この点で注目されているのが、奈良学園大学をめぐる裁判だ。この大学では約40人の教員がリストラにあい、最終的に解雇された8人が大学を運営する法人を訴えている。筆者は奈良学園大学を訪れ、解雇された元教員を取材した。
教員約40人をリストラ
「私たちは、大学による学部の再編失敗のしわ寄せによって解雇されました。こんな解雇が許されたら、大学改革や再編の名の下で理不尽な解雇が可能になります。絶対に許すわけにはいきません」
こう憤るのは、2017年3月末に奈良学園大学を解雇された川本正知さん(64)。京都大学大学院文学研究科博士後期課程を単位取得退学し、複数の大学・短大で非常勤講師を勤めたあと、1989年に奈良学園大学の前身、奈良産業大学に講師として勤務。1999年からは教授の立場にあった。
実は、同じ時期に職を失った教員は川本さんだけではない。13年11月、約40人の教員が17年3月までに転退職するよう迫られた。多くの教員は他大学に移るなどして若干の優遇措置とひきかえに大学を去ったが、その他の教員は雇い止めされたほか、教職員組合を結成して最後まで交渉を試みた川本さんら8人が解雇された。
8人は大学を運営する学校法人奈良学園を相手取り、地位の確認などを求めて17年4月に奈良地方裁判所に提訴。16年11月には、奈良県労働委員会に不当労働行為の救済の申し立てもしている。しかし、両者の主張は対立したままで、いまだ解決の糸口を見いだせていない。

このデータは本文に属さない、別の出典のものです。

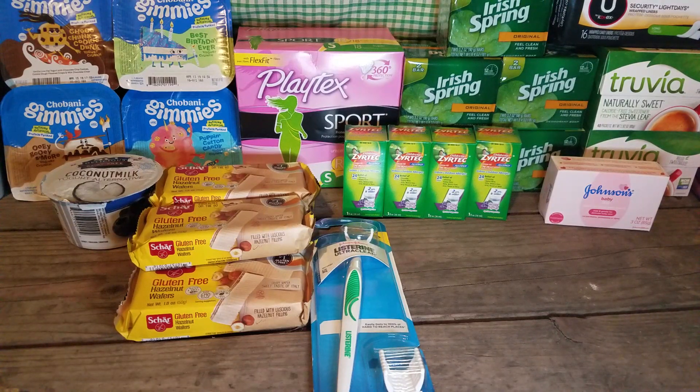Some of these are older deals and some are newer — some I've been doing for like the last 3 weeks. And a couple I just found on Ibotta.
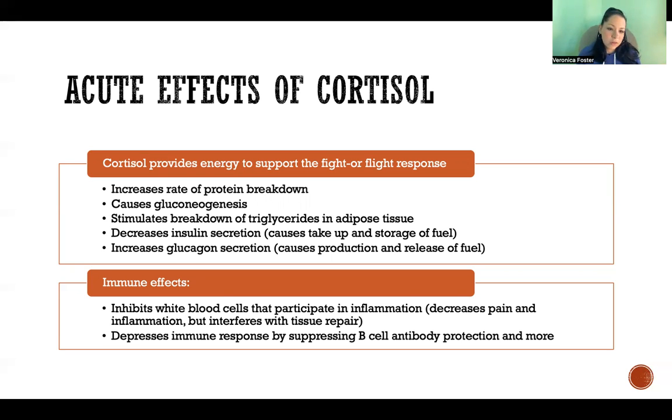Cortisol also decreases insulin secretion. Insulin causes the uptake and storage of fuel, but the goal of cortisol is to release and circulate fuel of a variety of different types. So it decreases insulin secretion and increases glucagon, which is the opposite hormone that causes production and release of fuel. So we have circulation and availability of fuel instead of storing it away for later. That's what happens in the stress response acutely when we secrete cortisol.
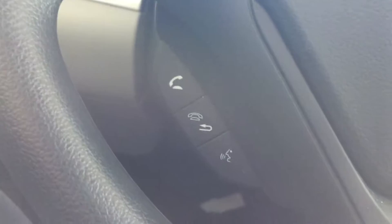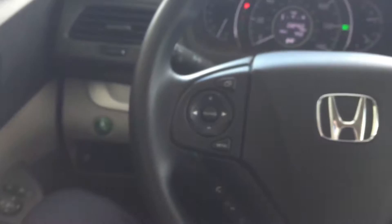This one does have the Bluetooth on the steering wheel as well, and all of your radio controls are on the steering wheel.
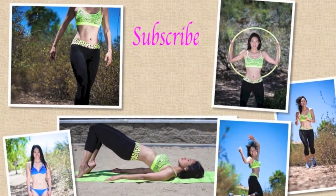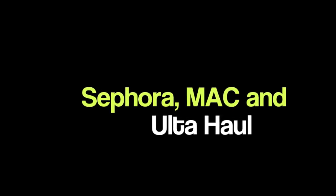Hi everyone, I have a Sephora haul for you all. I know I filmed a video about two weeks ago with my Chic Week free bag, but I didn't show any of the actual items that I purchased, so I thought I would go ahead and do that.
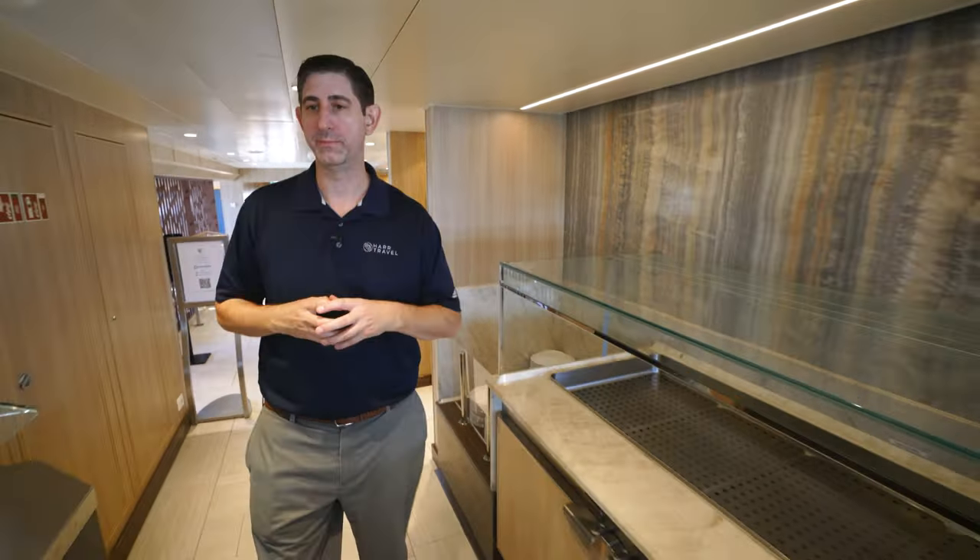Out on the aft terrace, there are tables for two wrapped around the glass partitions, and tables for four and six in the middle. The aft of the ship is my favorite place to dine al fresco. Having a steakhouse experience here in the evening is lovely, and starting the day with eggs and juice right here is the perfect way to begin. This is the more casual dining option — buffet for breakfast and lunch, and Candles Steakhouse for dinner.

明確なのは、川本さんをはじめ、リストラされた約40人に非がないことだ。リストラの直接的な原因は、学部の再編の失敗にあった。
学部再編を申請するも文部科学省から「警告」
奈良学園大学は1984年、奈良県生駒郡三郷町に奈良産業大学として開学。硬式野球部は過去に多くのプロ野球選手を輩出している強豪チームで、今年6月に開催される全日本大学野球選手権大会にも出場する。筆者が訪れた日は3月の春休み中だったが、練習があるのか、ユニフォーム姿の部員がキャンパス内を歩いていた。